Start of Extracted information
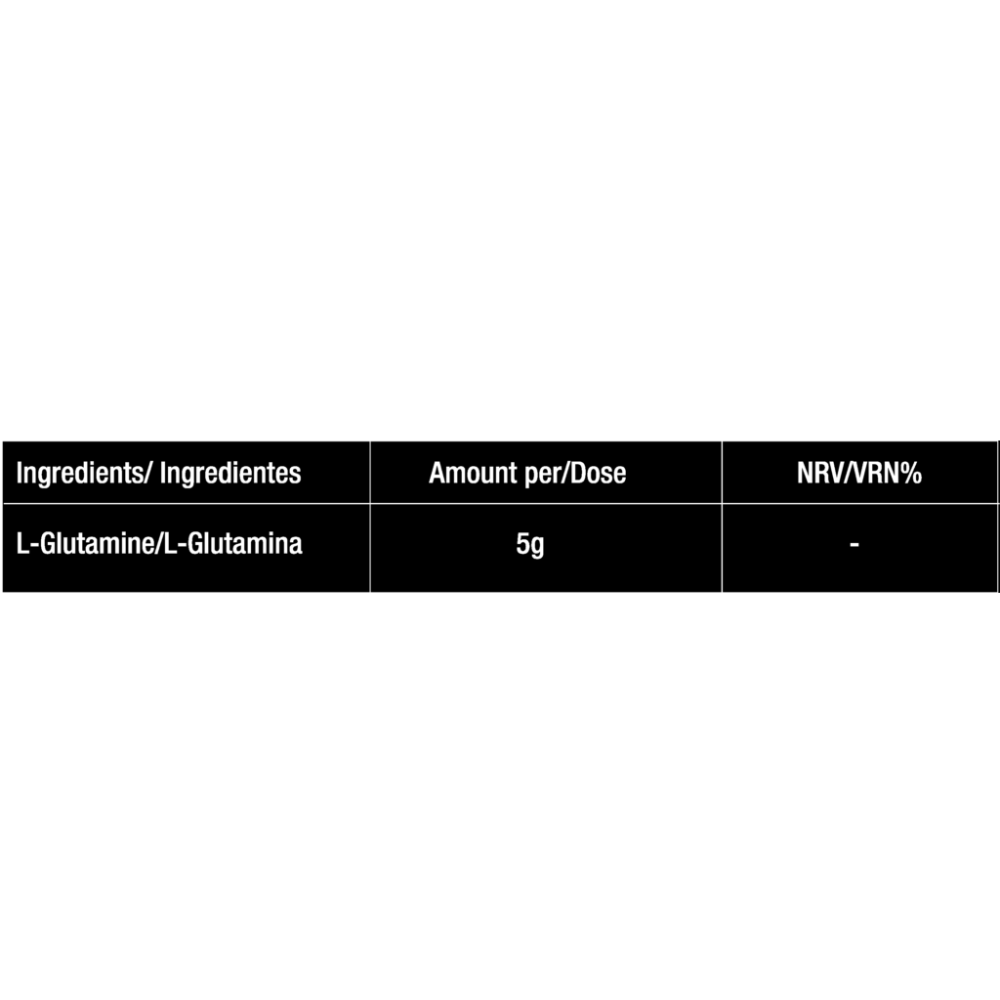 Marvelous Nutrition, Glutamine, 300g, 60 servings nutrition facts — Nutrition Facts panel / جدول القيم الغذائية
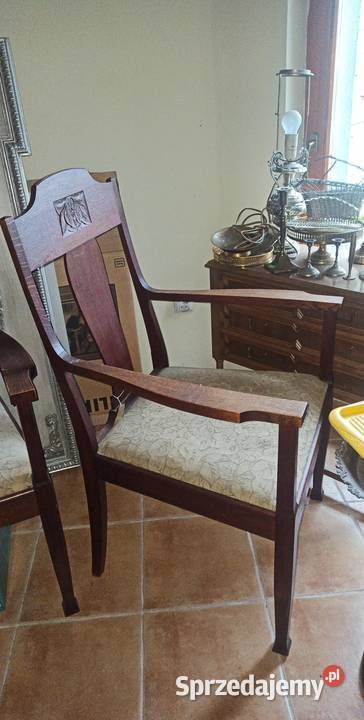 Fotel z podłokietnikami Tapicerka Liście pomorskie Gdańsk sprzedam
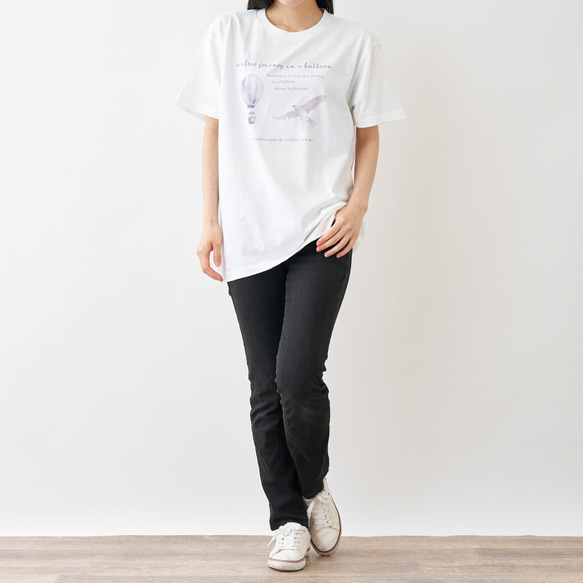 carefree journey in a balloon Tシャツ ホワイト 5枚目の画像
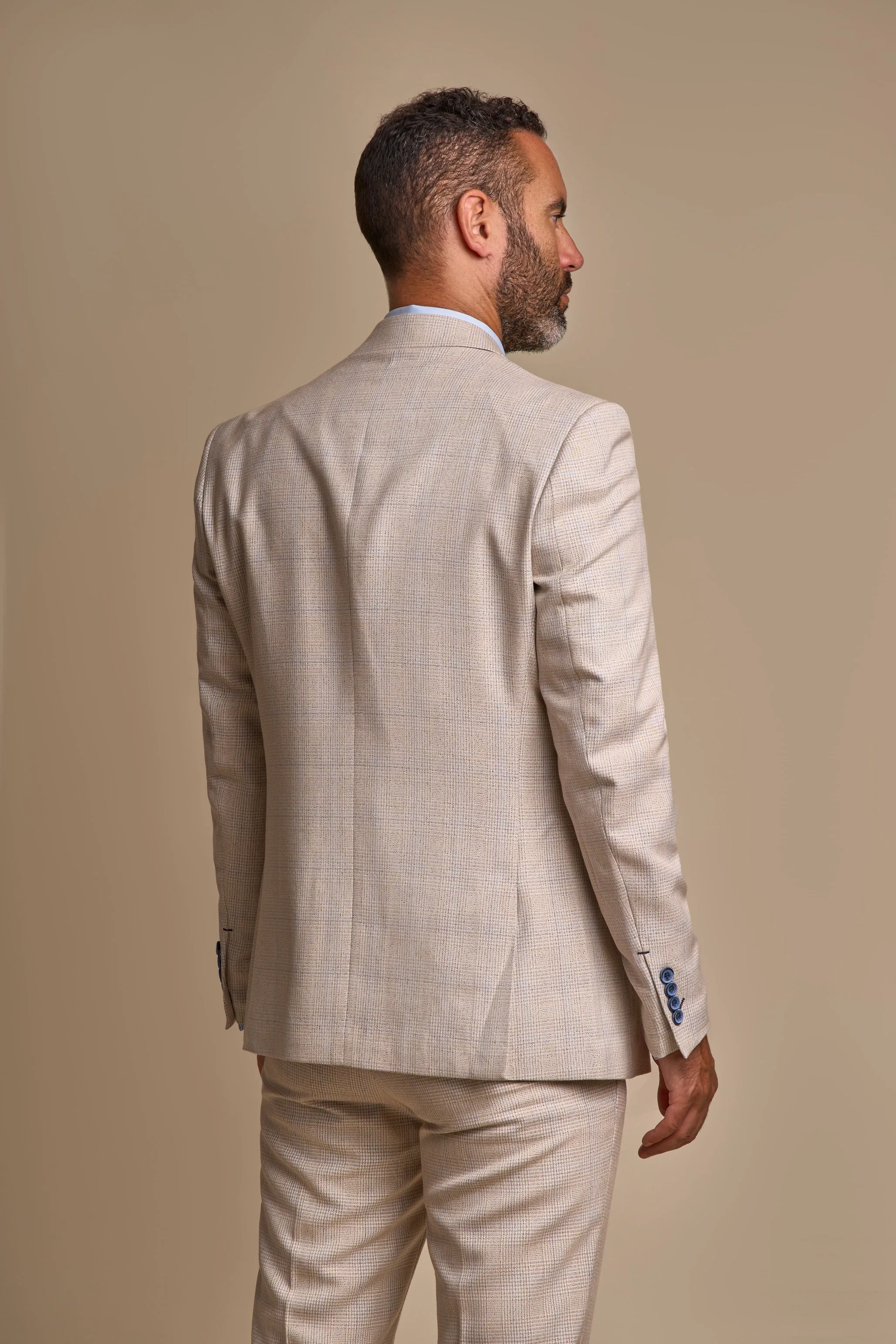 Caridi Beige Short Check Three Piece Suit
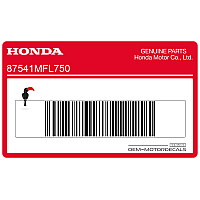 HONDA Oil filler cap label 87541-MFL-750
End of Extracted information
### Work task:
Copy the whole of the material above exactly, and exclude every picture.

### Exercise response:
 Marvelous Nutrition, Glutamine, 300g, 60 servings nutrition facts — Nutrition Facts panel / جدول القيم الغذائية
 Fotel z podłokietnikami Tapicerka Liście pomorskie Gdańsk sprzedam
 carefree journey in a balloon Tシャツ ホワイト 5枚目の画像
 Caridi Beige Short Check Three Piece Suit
 HONDA Oil filler cap label 87541-MFL-750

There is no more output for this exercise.